— EXERCISE DATA —
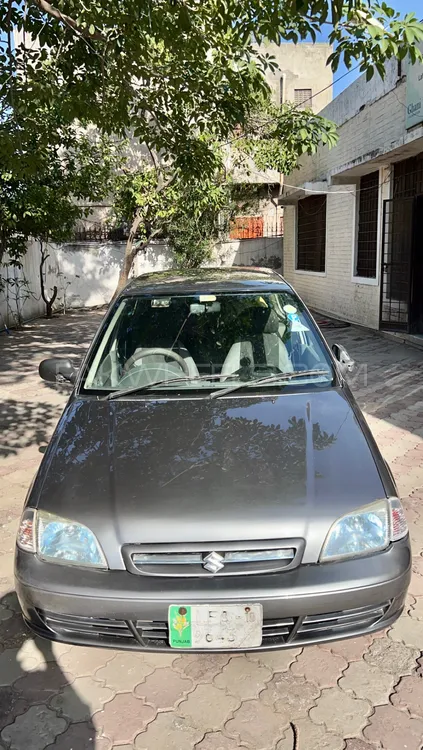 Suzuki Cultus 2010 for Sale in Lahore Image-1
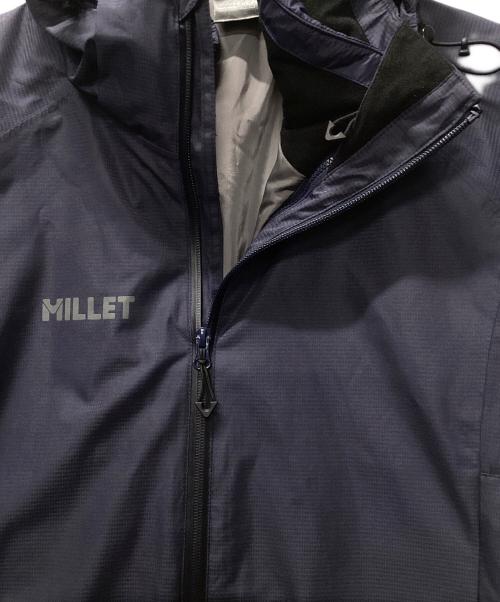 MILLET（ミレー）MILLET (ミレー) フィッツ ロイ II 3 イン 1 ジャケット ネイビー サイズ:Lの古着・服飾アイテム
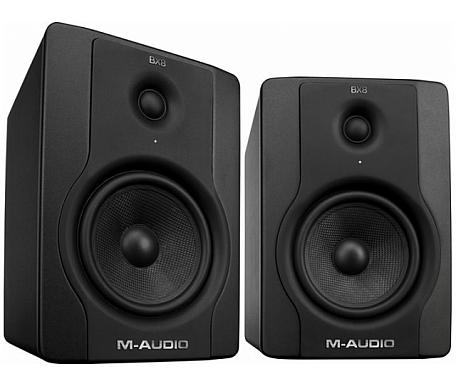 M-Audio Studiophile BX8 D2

— TASK REQUIREMENTS —
Your task is to copy word for word the lines from the line containing "MILLET（ミレー）MILLET (ミレー) フィッツ" to the end of the listing, both included, and to drop any pictures.

— SOLUTION TO THIS PROBLEM —
 MILLET（ミレー）MILLET (ミレー) フィッツ ロイ II 3 イン 1 ジャケット ネイビー サイズ:Lの古着・服飾アイテム
 M-Audio Studiophile BX8 D2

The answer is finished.